Haar oren bleken al een jaar lang ontstoken. Het gehoor in haar rechteroor daalde snel. Op haar zestiende kon ze aan die zijde geen woord meer begrijpen.
‘Ik had altijd schrik om volledig doof te worden. Het leek me verschrikkelijk om bijvoorbeeld geen muziek meer te kunnen beluisteren …'
'En toen plots, op mijn 23ste viel ook het gehoor in mijn linkeroor weg. Soms hoorde ik iets, maar het ging steeds weer weg. Het voelde als een nachtmerrie. Op mijn 38ste werd het volledig stil.’
Ruth heeft de ziekte van Ménière. ‘Naast gehoorverlies heb ik ook last van tinnitus en duizeligheid’, zegt ze. ‘Nu heb ik aan beide oren ongeveer 86 decibel gehoorverlies en draag ik een hoorapparaat.’
Robin werd ook horend geboren. Op 2,5-jarige leeftijd kreeg hij een hersenvliesontsteking die overging in doofheid.
Anderhalf jaar later plaatste de dokter een cochleair implantaat (CI), een implantaat dat geluid omzet in elektrische pulsen die de gehoorzenuw stimuleren. Daardoor kan hij weer geluiden waarnemen.
‘Ze hebben mij ook een CI aangeboden, maar dat wilde ik toen niet’, pikt Ruth in. ‘Dan is dat stukje gehoor dat ik wel nog heb weg. Ik zou mijn dochter haar stem niet meer kunnen horen.’
Geluid als een robotstem
In het dagelijkse leven is het eigenlijk niet stil voor Robin en Ruth. Zelfs als Ruth haar hoorapparaat uitzet, is het niet stil. Ze blijft het ruisen van haar tinnitus horen.
‘Dankzij begeleiding slaag ik er nu wel in om dat weg te filteren. Het is er nog, maar het doet me niet meer zoveel. Het lijkt stil.’
Ook de geluiden die Robin hoort, zijn niet dezelfde als die van de horenden. Maar hoe klinkt dat dan? ‘Ik kan het moeilijk uitleggen’, antwoordt Robin. ‘Ik heb nooit iets anders geweten natuurlijk. Ik kan me jullie geluid ook niet meer herinneren. Mensen zeggen dat een CI als een robotstem klinkt.’

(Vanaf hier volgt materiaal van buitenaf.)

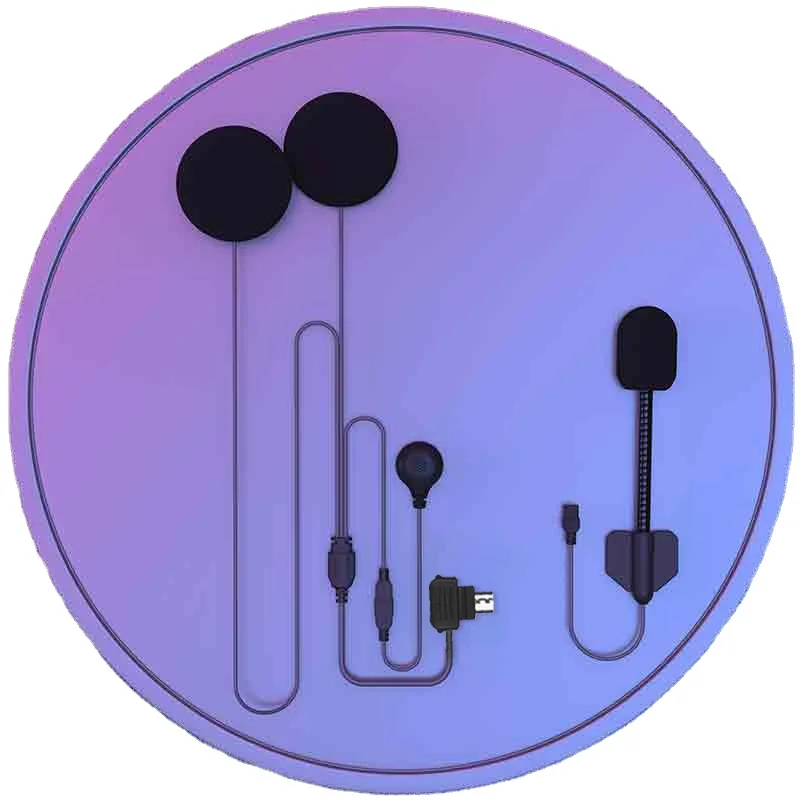 FreedConn CE FCC D7 Kit de Soquete de 5 Pinos para Música Hi-Res, Microfone e Fone de Ouvido para Intercomunicador de Capacete de Motocicleta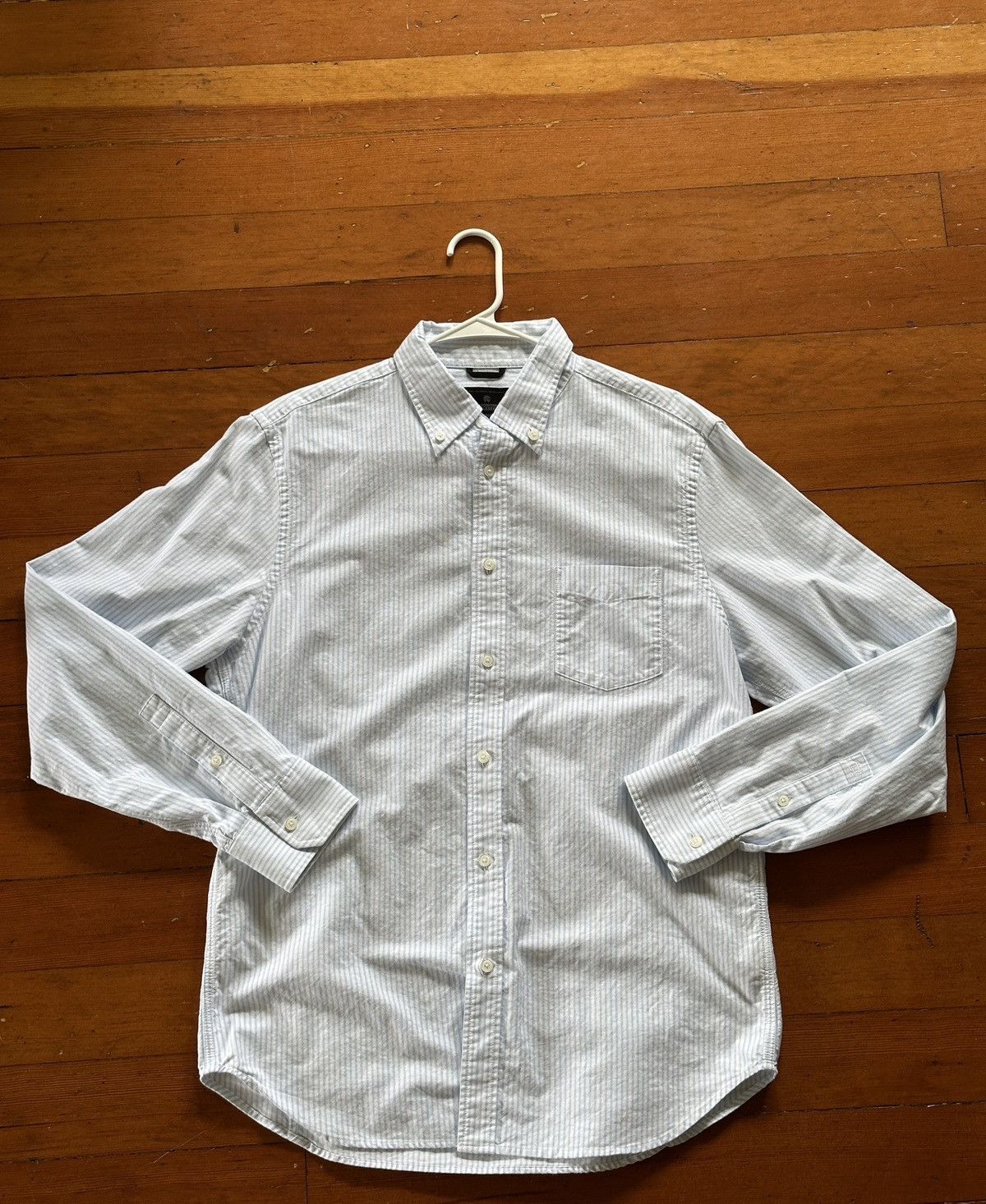 Reigning Champ Reigning Champ Striped Oxford Button Down Size US L / EU 52-54 / 3 - 1 Thumbnail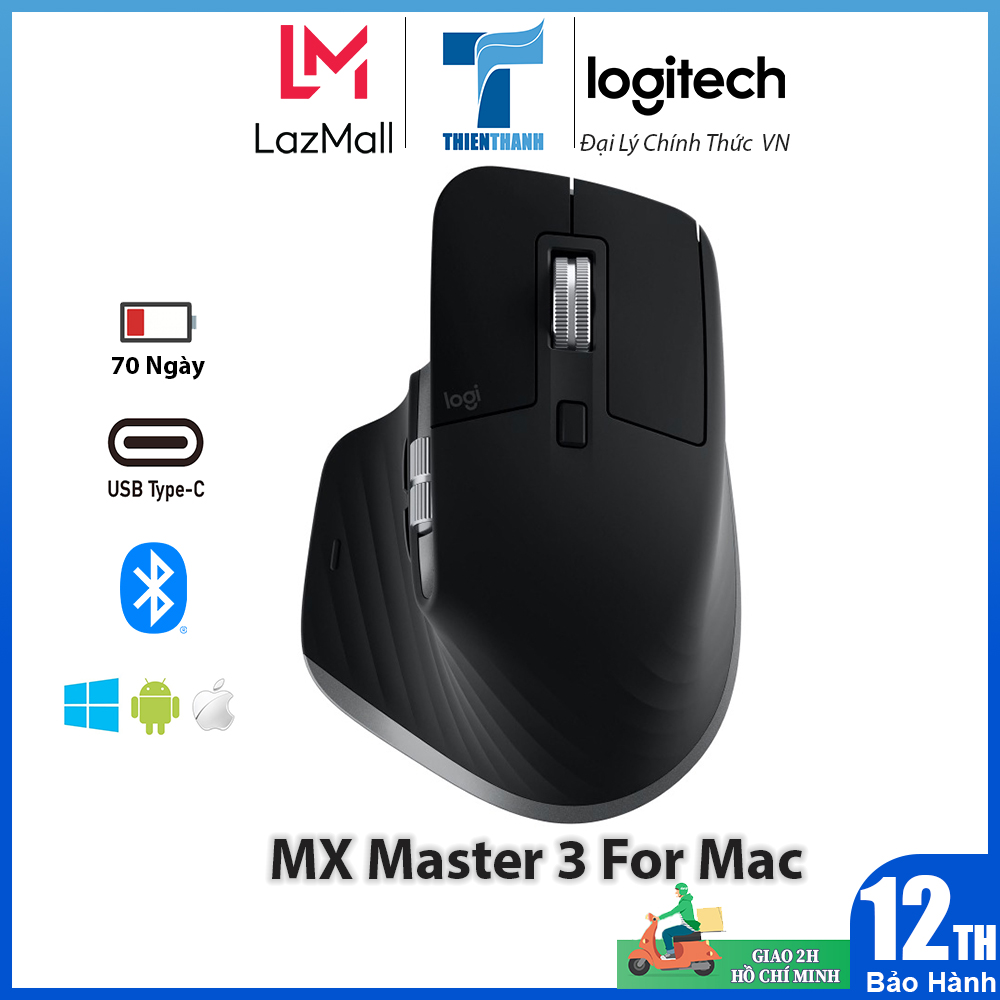 Chuột Không Dây Logitech MX Master 3 for Mac - Chính hãng phân phối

‘En wat hoor jij als je CI uitstaat?’, pikt Ruth nieuwsgierig in. ‘Volledige stilte. Dan hoor ik geen druppel meer.’
Een zalig drukke zaal
Als Robin gebaart, dan doet hij dat heel enthousiast. Druk bijna. Als hij klank zou gebruiken, dan zou zijn stem de kamer vullen, maar het blijft stil.

‘Voor jou lijkt dat stil,’ zegt Robin, ‘maar als ik een ruimte binnenga, waar verschillende doven communiceren in gebarentaal, dan is dat voor mij een drukke bedoening. Ik begrijp van elk gesprek in mijn gezichtsveld de boodschap.’
‘Op Werelddovendag stond ik te wachten in een ruimte vol met mensen’, herinnert Ruth zich. ‘Voor mij was het zalig stil. Iedereen communiceerde in gebarentaal. Omdat ik net VGT studeerde kon ik wel enkele gebaren lezen. Toen besefte ik voor het eerst dat een zaal met zoveel impulsen ongelooflijk druk is voor dove personen.’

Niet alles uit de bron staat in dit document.